GLASS FIBER AND METHOD FOR PRODUCING THE SAME

Description

CROSS-REFERENCE TO RELATED PATENT APPLICATION

This application claims the benefit of priority to Taiwan Patent Application No. 113149512, filed on Dec. 19, 2024. The entire content of the above identified application is incorporated herein by reference.

Some references, which may include patents, patent applications and various publications, may be cited and discussed in the description of this disclosure. The citation and/or discussion of such references is provided merely to clarify the description of the present disclosure and is not an admission that any such reference is “prior art” to the disclosure described herein. All references cited and discussed in this specification are incorporated herein by reference in their entireties and to the same extent as if each reference was individually incorporated by reference.

FIELD OF THE DISCLOSURE

The present disclosure relates to a glass fiber and method for producing the same, and more particularly to a glass fiber including zirconia and method for producing the same.

BACKGROUND OF THE DISCLOSURE

A glass fiber produced by a conventional method for producing a glass fiber has insufficient heat stability.

SUMMARY OF THE DISCLOSURE

In response to the above-referenced technical inadequacy, the present disclosure provides a glass fiber and method for producing the same, so as to effectively improve on about the problem of a glass fiber produced by a conventional method having insufficient heat stability.

In order to solve the above-mentioned problems, one of the technical aspects adopted by the present disclosure is to provide a method for producing a glass fiber. The method for producing the glass fiber includes a covering process, a mixing process, a sintering process, and a mixing process. The covering process is implemented by covering a plurality of zirconia powders onto a plurality of surfaces of a plurality of inorganic particles to form a plurality of modified inorganic particles. Based on a total weight of each of the modified inorganic particles being 100 wt %, a content of the zirconia powders is between 0.01 wt % and 5 wt %, and a content of the inorganic particle is between 95 wt % and 99.99 wt %. The sintering process is implemented by sintering the modified inorganic particles in a nitrogen atmosphere under a temperature of between 400° C. and 1,000° C. The mixing process is implemented by mixing the modified inorganic particles that are sintered into a glass raw material that is in a molten state. The drawing process is implemented by drawing the glass raw material having the modified inorganic particles mixed therein to form a glass fiber.
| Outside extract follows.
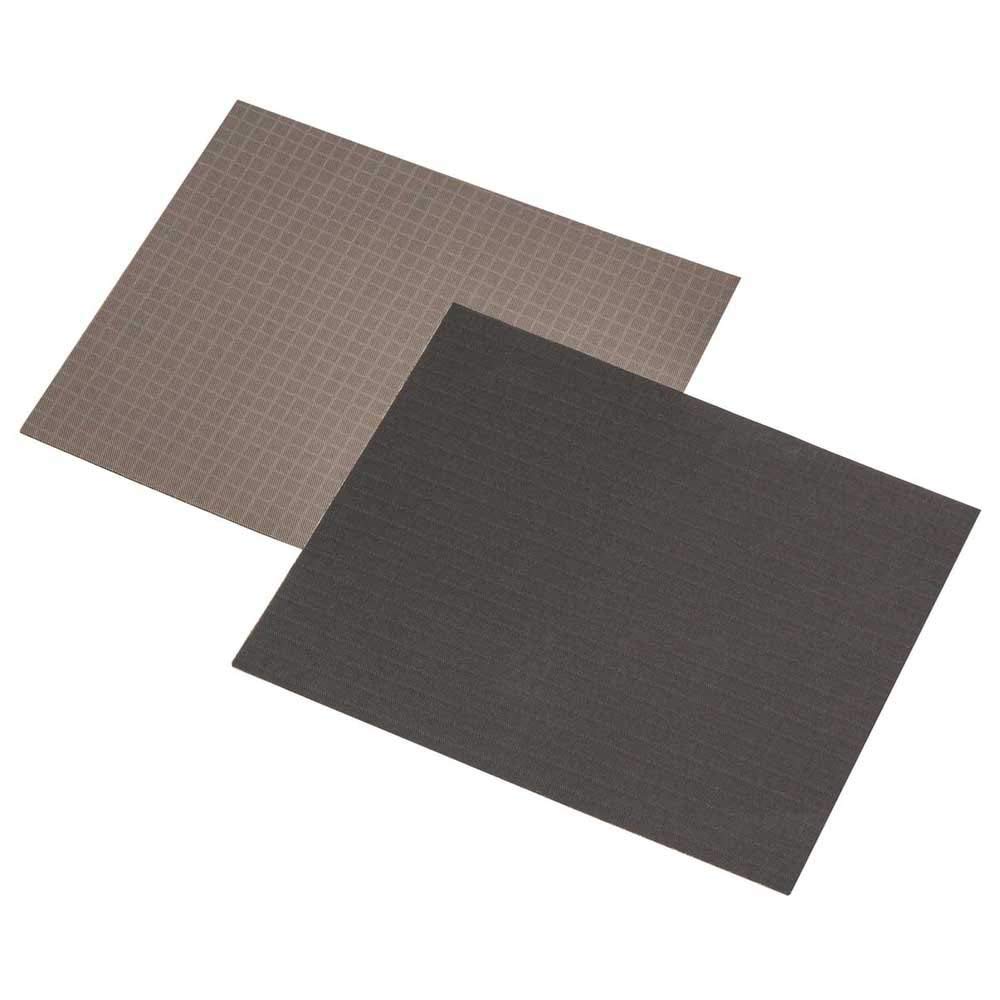 VAUDE Unisex - Adult Tent Repair Patch Replacement Part, Multicoloured, One Size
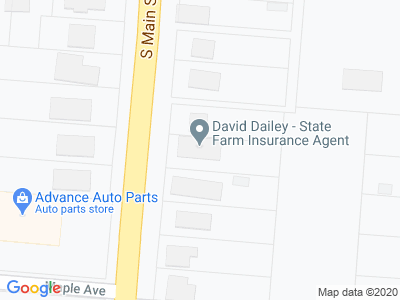 David Dailey State Farm Car Insurance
In one of the possible or preferred embodiments, the inorganic particles are selected from the group consisting of silicon dioxide, titanium dioxide, aluminum hydroxide, magnesium hydroxide, calcium carbonate, aluminum oxide, magnesium oxide, talc, aluminum nitride, boron nitride, silicon carbide, zinc oxide, zirconium oxide, quartz, diamond powder, diamond-like powder, graphite, calcined kaolin, and fumed silica.
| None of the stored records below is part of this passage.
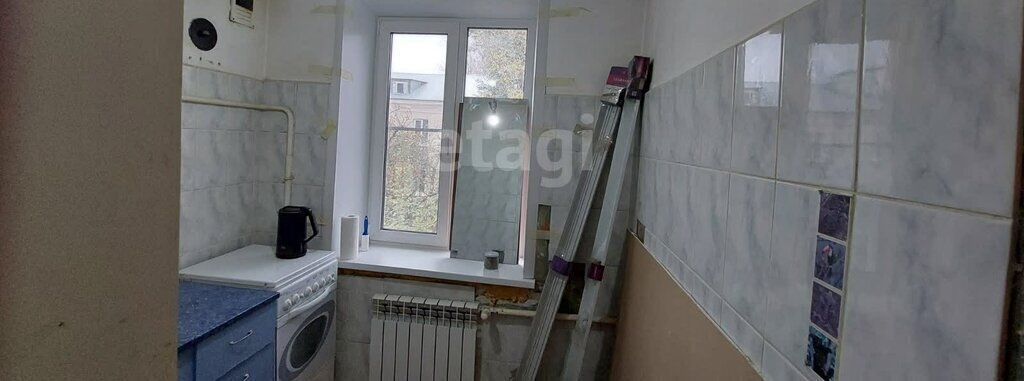 квартира г Выкса ул Корнилова 100/4 фото 7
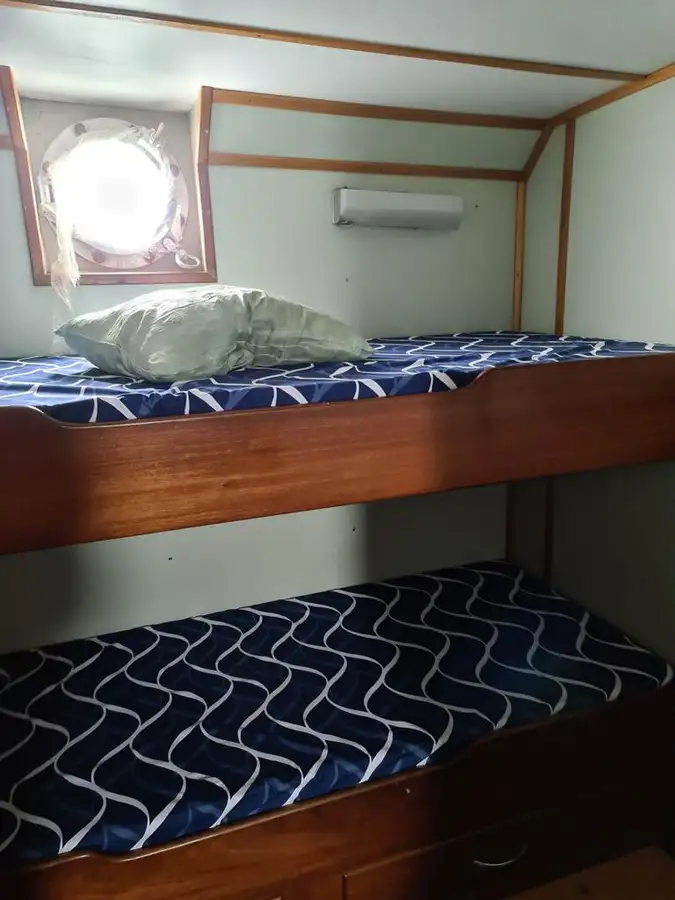 Longliner for sale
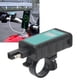 thumbnail image 3 of Enchufe tipo C ANGGREK para motocicleta DC12-24V a prueba de polvo con Protección contra sobretensión, 3 of 8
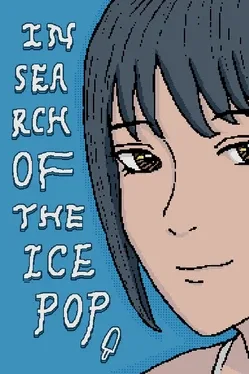 In Search of the Ice Pop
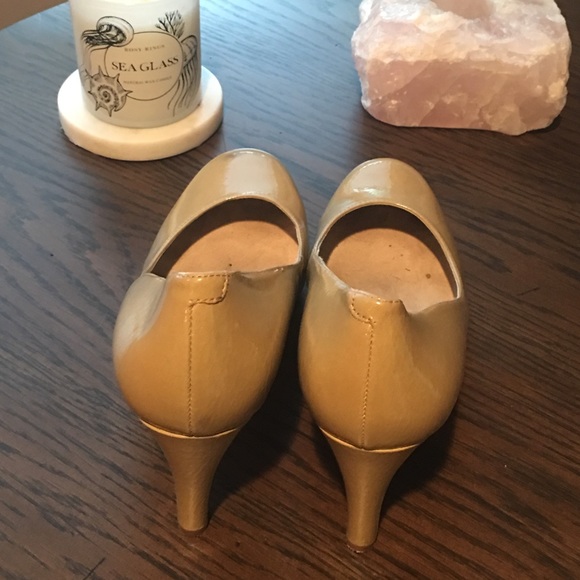 naturalizer n5 comfort heels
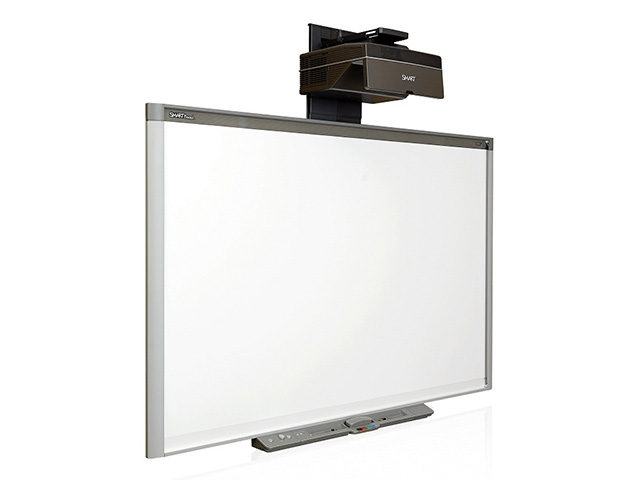   SMART Board SBX885ix2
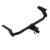 Picture of Draw-Tite Class 1 Trailer Hitch, 1.25 Inch Select Mazda CX-30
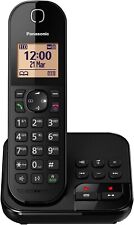 Panasonic telefono cordless usato  Vibonati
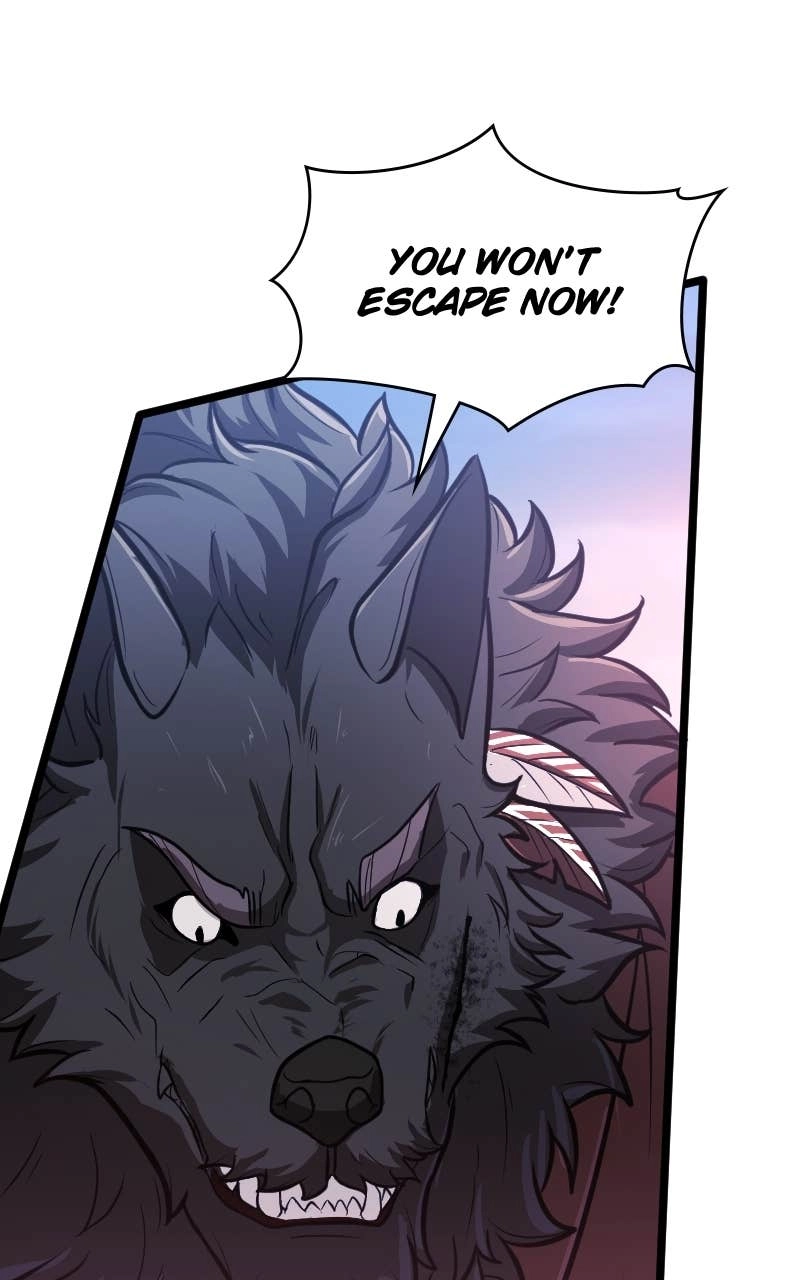 Paranoid Mage Chapter 90, page 121 of 179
In one of the possible or preferred embodiments, an average particle size of the modified inorganic particles is between 0.01 μm and 50 μm.

In one of the possible or preferred embodiments, based on a total weight of the glass fiber being 100 wt %, a content of the modified inorganic particles is between 0.1 wt % and 5 wt %, and a content of the glass raw material is between 95 wt % and 99.9 wt %.

In one of the possible or preferred embodiments, in the covering process, the zirconia powders are dispersed in water to form a solution, and the solution is sprayed onto the inorganic particles, such that the zirconia powders cover onto the inorganic particles to form the modified inorganic particles.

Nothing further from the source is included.